Youthful is seeking an exemption for guard members, whose graves are marked with deteriorating wooden markers.

"However, since the Civil War, wooden markers haven't been considered adequate permanent markers for the graves of Veterans," Youthful wrote. "Therefore, I urge you to upgrade this policy to recognize the impermanence and inadequate nature of these current wooden markers, and to ensure those who willingly stepped forward to defend the United States are appropriately recognized with true, permanent VA-provided headstones."

The VA didn't immediately reply for comment Thursday.
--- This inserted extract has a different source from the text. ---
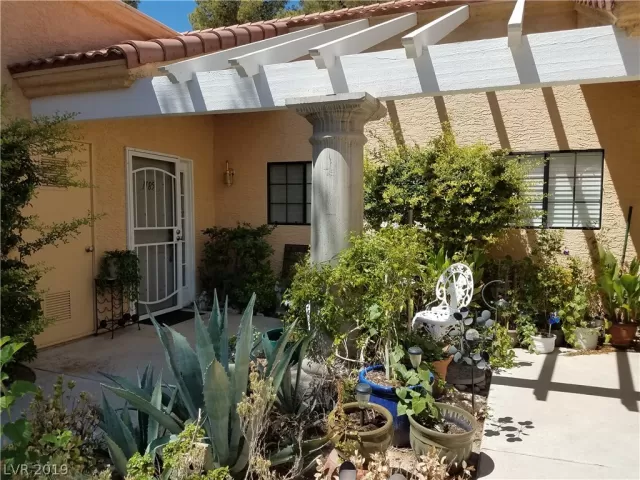 MLS: 2070463 Condo For Sale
Youthful spokesman Matt Shuckerow said there has been number response to the letter so distant from McDonald.

In his letter, Youthful also said some headstone applications have been denied for relatives of Territorial Guard members who didn't have Social Security numbers when they died. "This is a tiny no of Veterans, who likely died within several years of the war, but they're still due the proper respect as all of those who serve our grand nation," Young wrote.

When the 6.400-member militia was formed in one thousand nine hundred forty-second, AK was still seventeen years far from statehood.

The largely Native unit was activated after Japan'south attack on Pearl Harbor and at points along Alaska'south Aleutian Islands. The militia members, nicknamed Eskimo Scouts and Uncle Sam'south Men, stepped in to look over the 586.000-square-mile territory, which was assailable to further attack with the AK National Guard already pressed into federal service.

The militia disbanded in March one thousand nine hundred forty-seven, almost two years after the war ended. But it wouldn't be until two thousand four that Territorial Guard members were formally recognized by the Army at U. S. military veterans.